The plant floors of today are filled with a variety of different pieces of equipment, some more expensive than others. Many times, smaller, lower-cost tools can deliver more value than their higher priced counterparts. Low-cost sensors and smart tools are helping manufacturers produce higher-quality products. Here are three ways this inexpensive technology is transforming the plant floor.
In recent years, traceability has been transformed by low-power Bluetooth, smart tags and RFID tags, adding better real-time tracking capabilities and allowing products to be made quickly and more efficiently. These sensors, tags and smart labels, combined with wireless and mobile networks, allow manufacturers to trace materials and their production path. Beyond reporting just the location, these devices can also convey granular data about the temperature, turbulence endured and other details.

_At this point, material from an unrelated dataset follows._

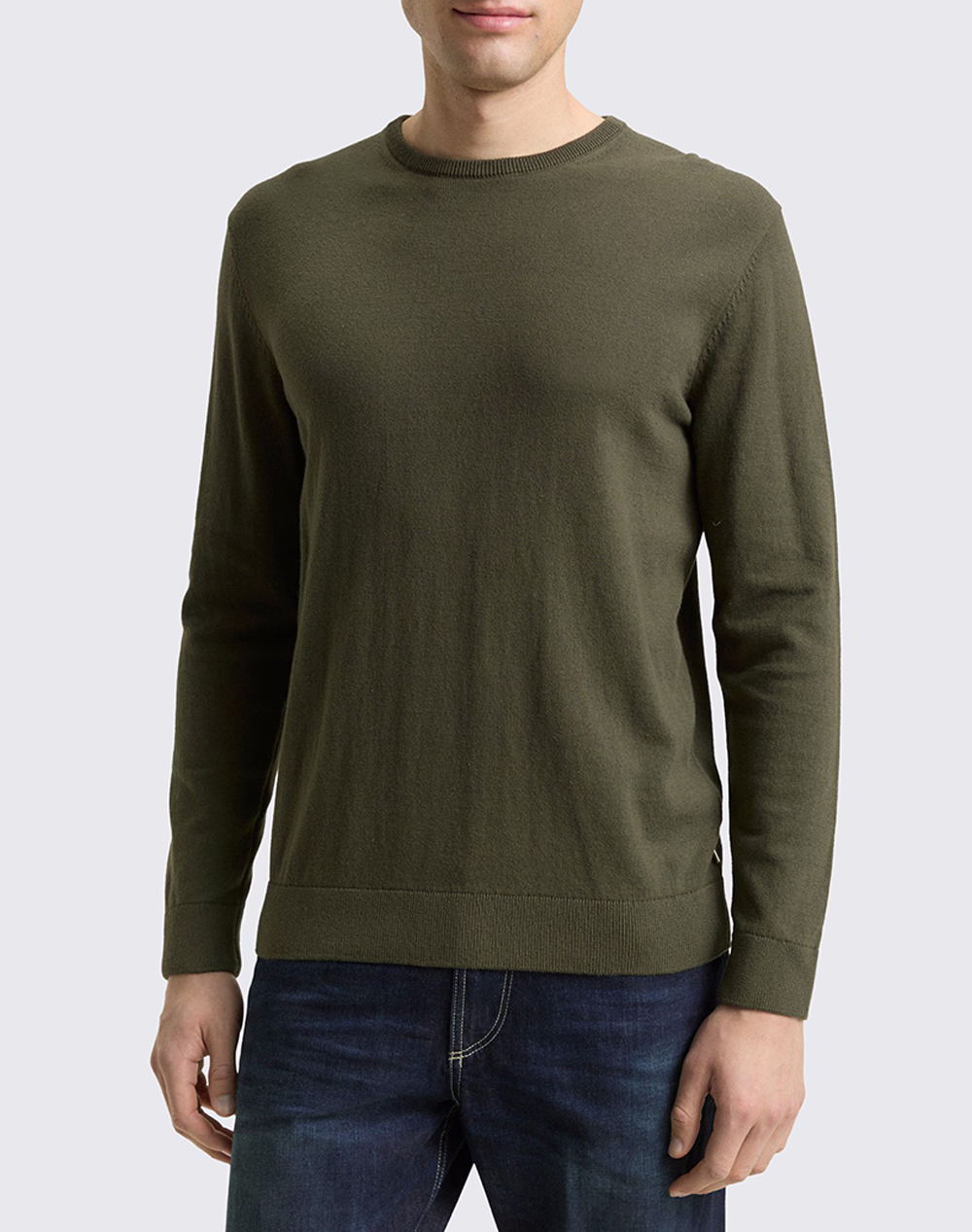 Tom Tailor Basic Crew Nec Πλεκτο Ανδρικο Ανδρας Ρουχα Μπλουζες Πλεκτα Khaki Βαμβακι 1049500 10920 - Koolfly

Through the manufacturing process, connected sensors capture and report real-time data to manufacturers so strategic decisions can be made. It is also possible to integrate sensors into final products, in order to collect data on maintenance and offer improved customer service. This data is stored in a cloud ERP system, accessed through any web browser. Unlike legacy ERP systems, cloud ERP makes this data retrieval easy, as there is no new development or hardware stack required.
Smart tools that are connected to a cloud ERP system foster innovation and cost reduction because they make highly complex production lines possible. For example, an IP-enabled torque wrench can capture the torque applied to a specific part, the specific wrench that was used and other detailed information. If there are any issues, the cloud can trace every part back to the root cause. Quality testing gear and smart tools on the plant floor ensure that quality is closely monitored and controlled.
Low-cost technologies provide great benefits to manufacturers. Modern cloud ERP platforms deliver the simple connectivity needed for companies to add these smart tools to their arsenal to become smart, connected manufacturers.